- [RECORDS FOR THE EXERCISE]
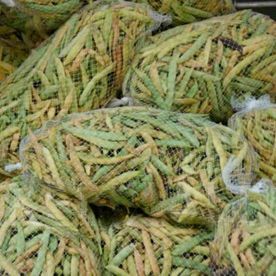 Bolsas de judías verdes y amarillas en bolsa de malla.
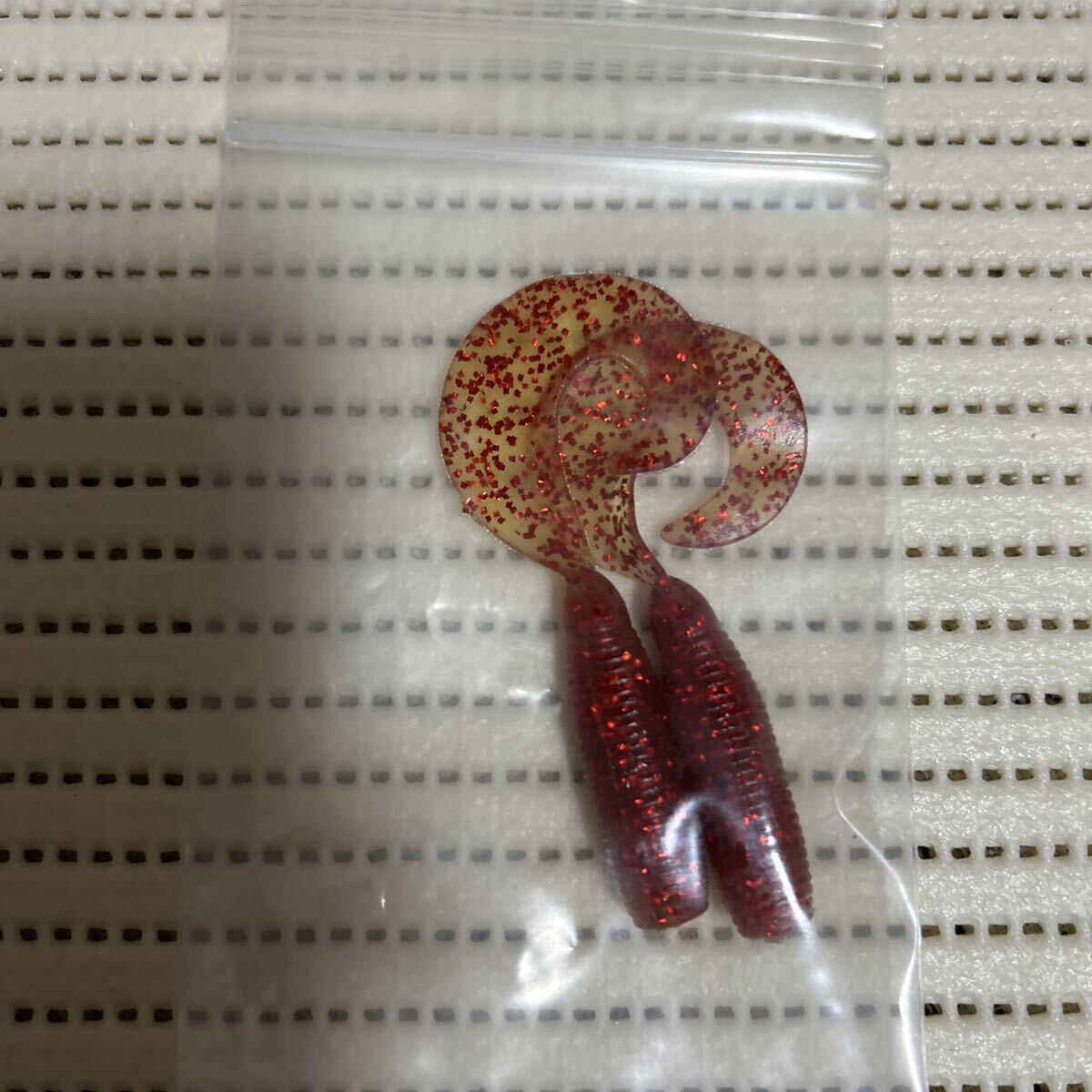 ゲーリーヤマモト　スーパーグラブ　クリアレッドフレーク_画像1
--
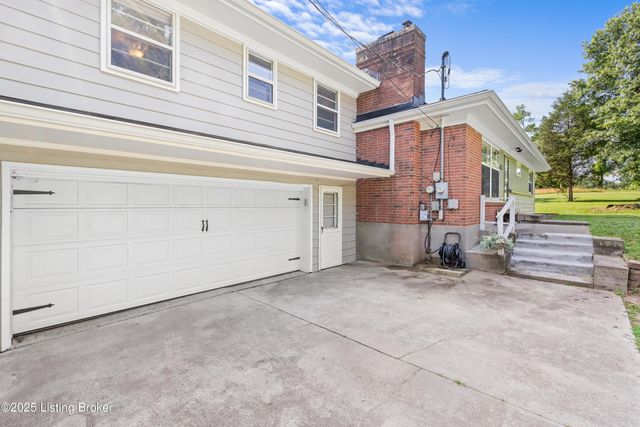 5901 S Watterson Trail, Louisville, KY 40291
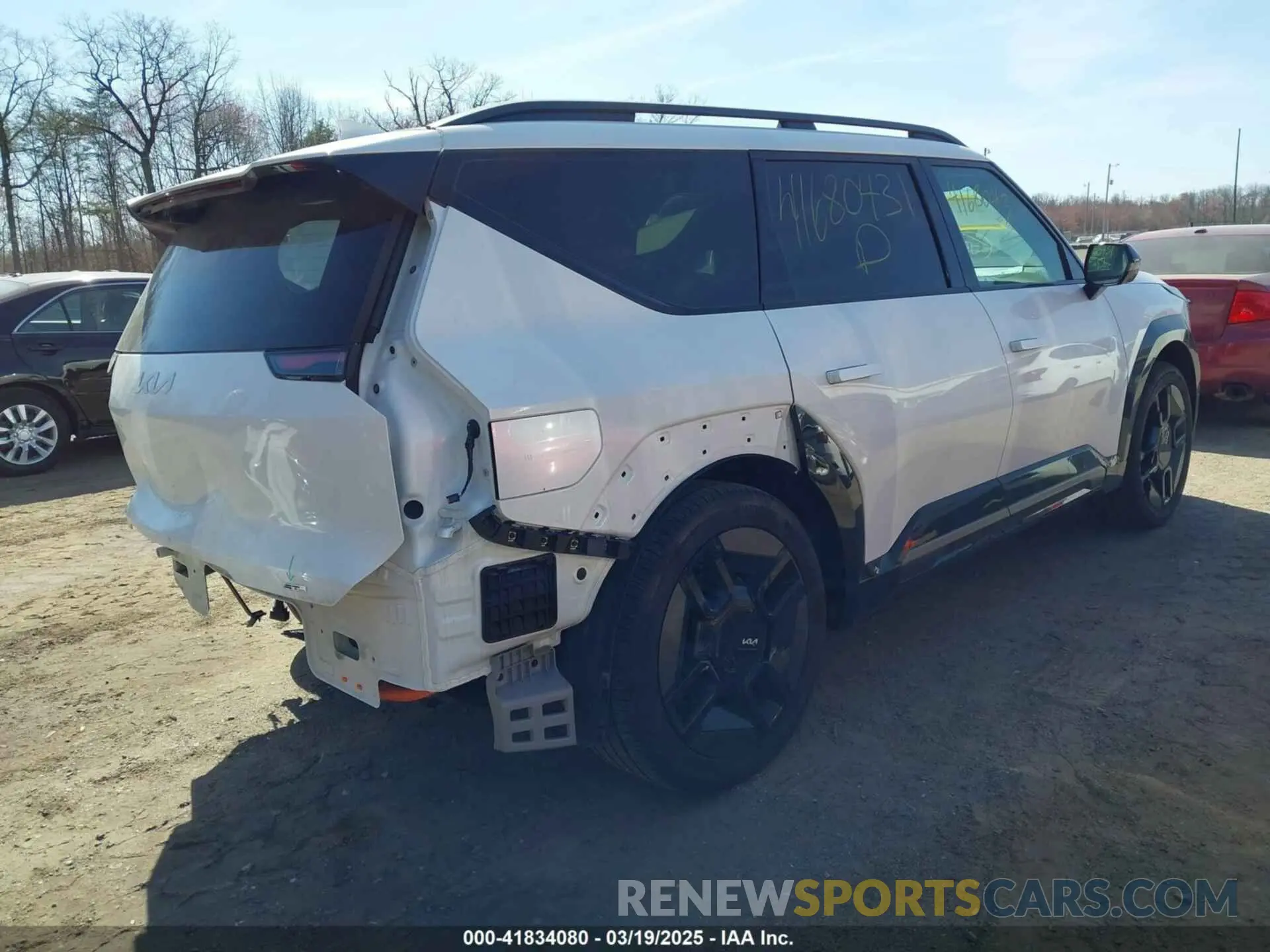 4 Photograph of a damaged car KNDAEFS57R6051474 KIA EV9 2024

- [WHAT YOU SHOULD DO] What should come back is an exact copy of the lines above from the line with "Bolsas de judías" to the line with "ゲーリーヤマモト　スーパーグラブ　クリアレッドフレーク_画像1", both included, minus the pictures.

- [FINISHED EXERCISE]
 Bolsas de judías verdes y amarillas en bolsa de malla.
 ゲーリーヤマモト　スーパーグラブ　クリアレッドフレーク_画像1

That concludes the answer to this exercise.